Assignment:
With the exception of the pictures, transcribe the entire listing exactly.

Supplied material:
##############################

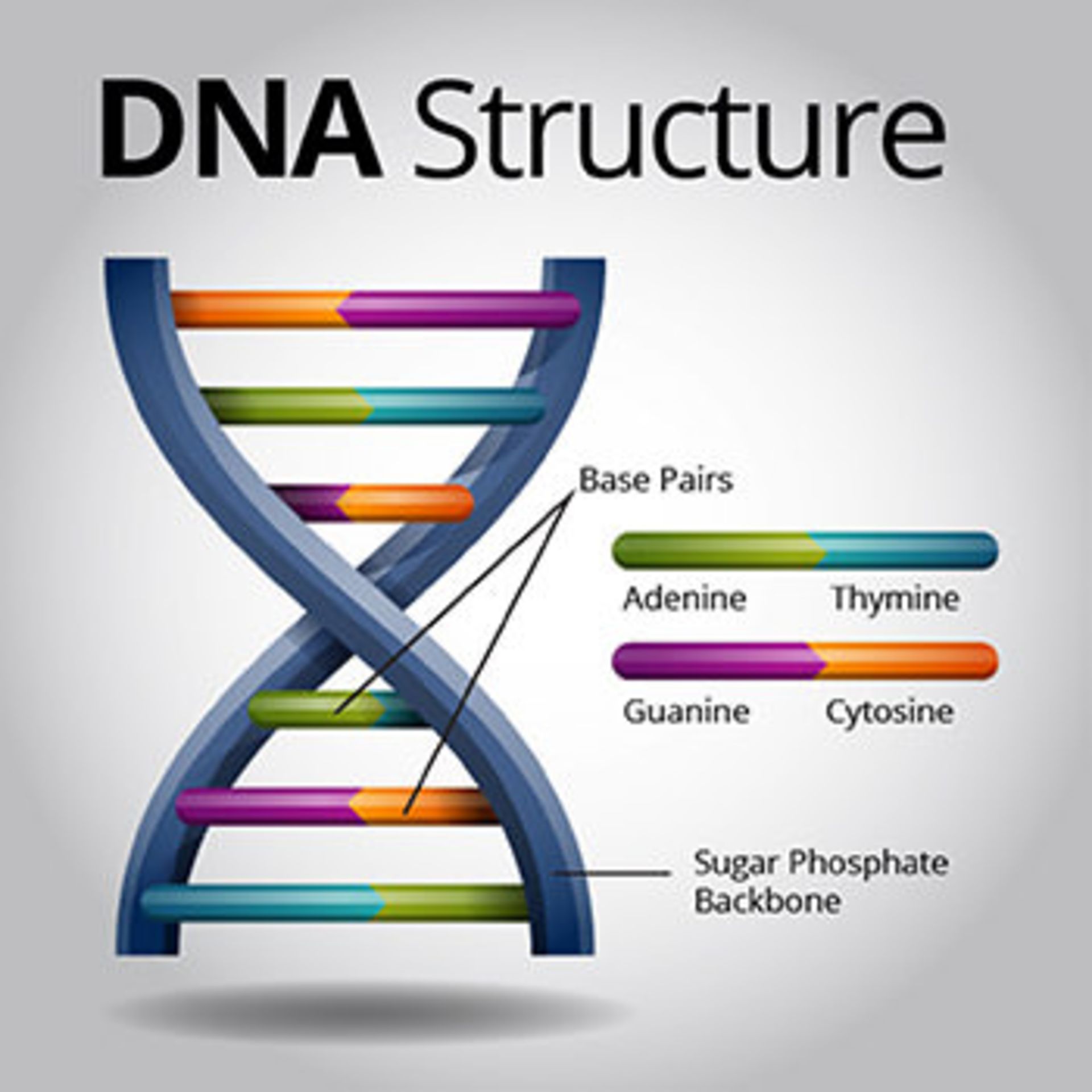 مرجع متخصصين ايران ساختار دي ان اي/DNA structure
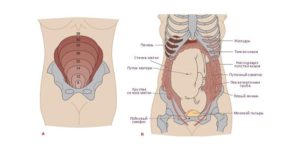 Как болит живот когда растет матка при беременности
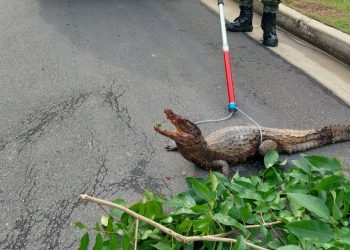 Vídeo: Filhote de jacaré é encontrado fer1d0 dentro de condomínio luxuoso na Ponta Negra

##############################

Written answer:
 مرجع متخصصين ايران ساختار دي ان اي/DNA structure
 Как болит живот когда растет матка при беременности
 Vídeo: Filhote de jacaré é encontrado fer1d0 dentro de condomínio luxuoso na Ponta Negra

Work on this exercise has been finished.